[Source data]
++++++++++

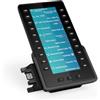 Snom D8C - Modulo di espansione per telefoni fissi D8xx - Display TFT a colori con 60 tasti programmabili - USB Plug and Play per la gestione wireless del telefono in ufficio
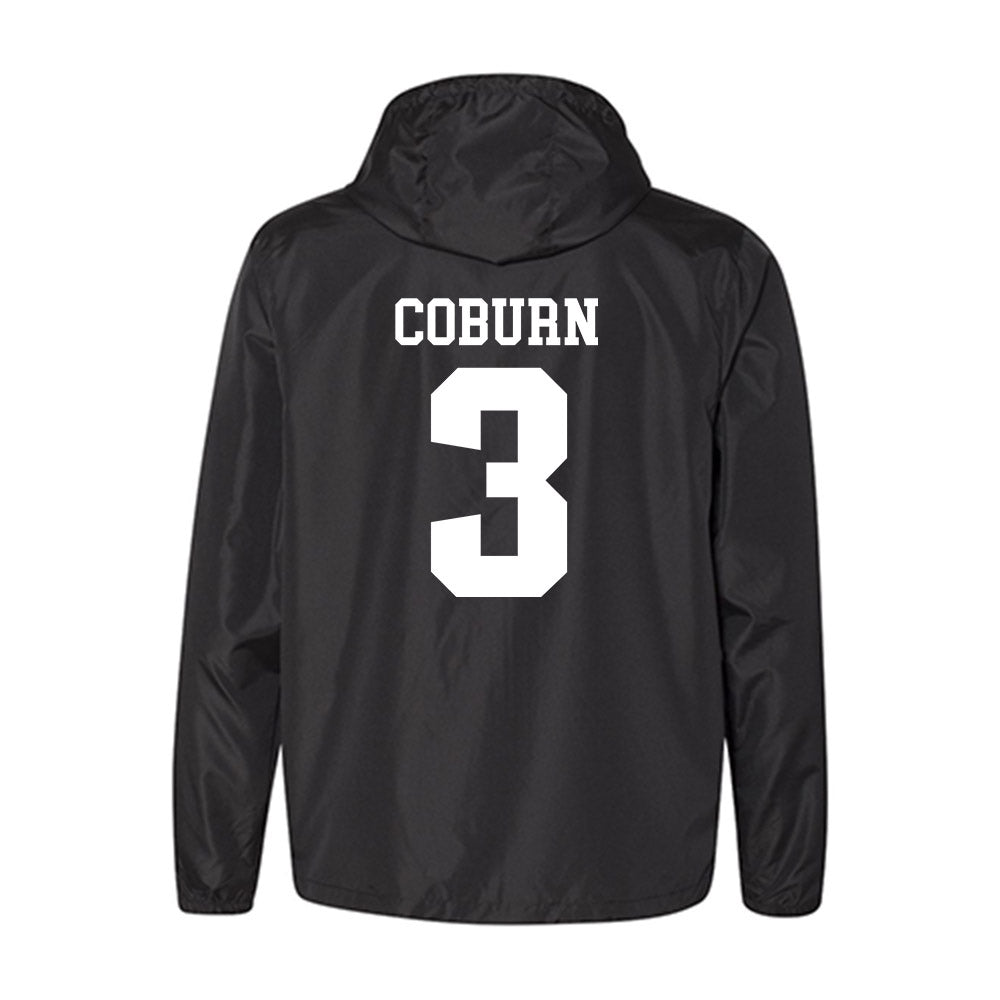 SIU Carbondale - NCAA Softball : Mikaela Coburn - Windbreaker-1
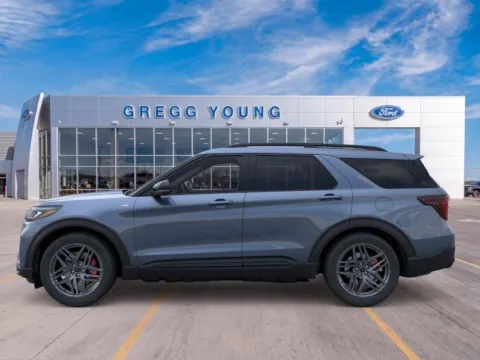 Another view of 2026 Ford Explorer ST-Line for sale in Hortonville, WI at Gregg Young Hortonville Ford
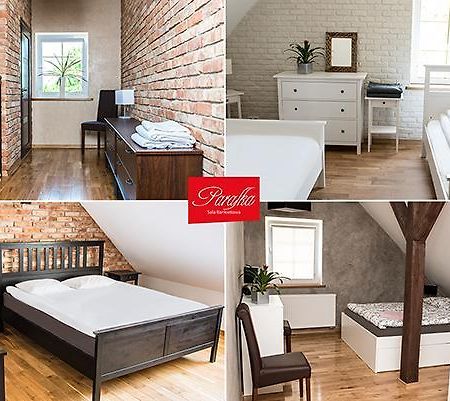 Ferienwohnung Sala Bankietowa Parafka Malbork Exterior foto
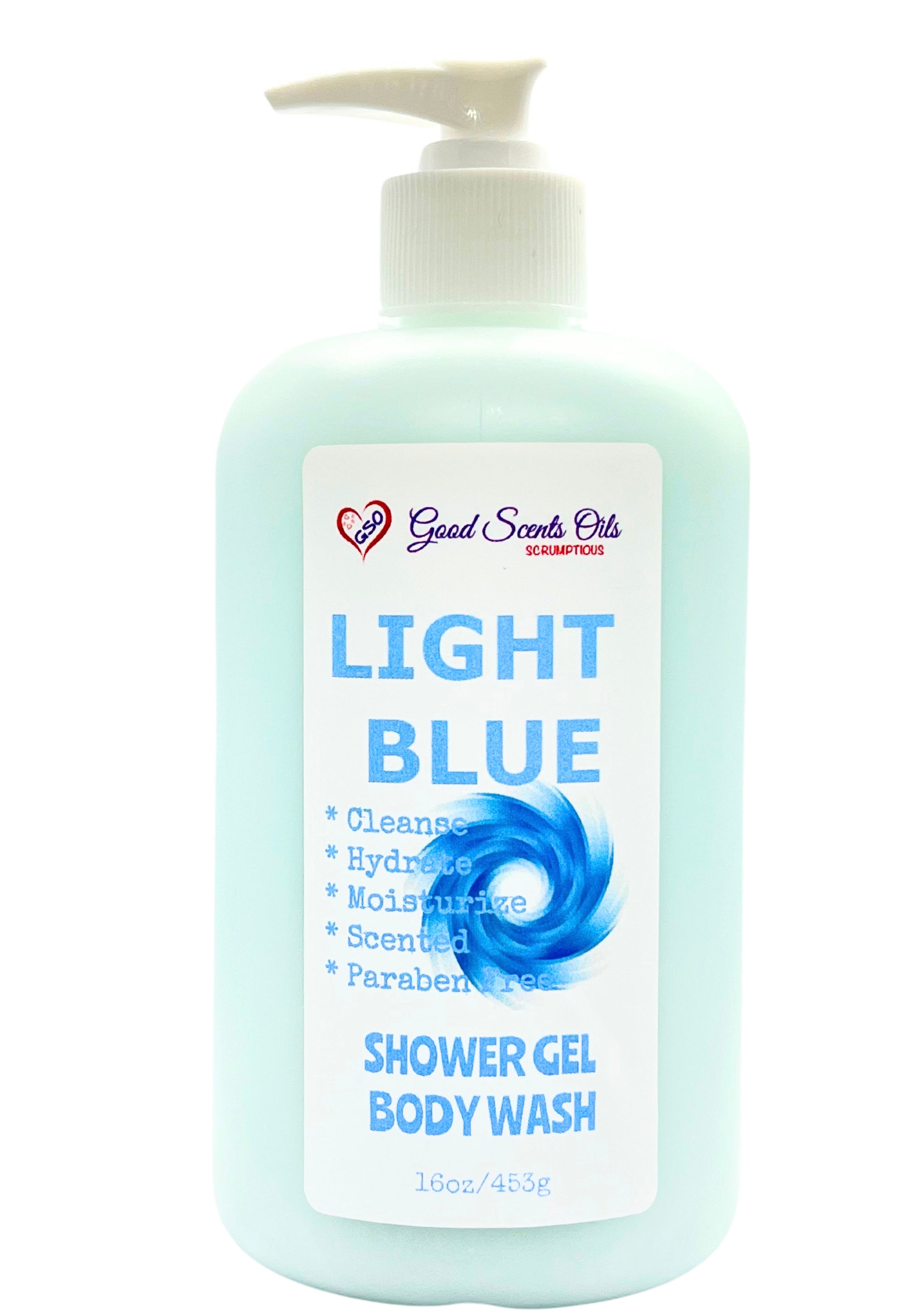 LIGHT BLUE SHOWER GEL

++++++++++

Pictures are not part of the answer. Restate word for word the lines from the one with "Ferienwohnung Sala Bankietowa" through the last line of the records.

YOUR RESPONSE:
 Ferienwohnung Sala Bankietowa Parafka Malbork Exterior foto
 LIGHT BLUE SHOWER GEL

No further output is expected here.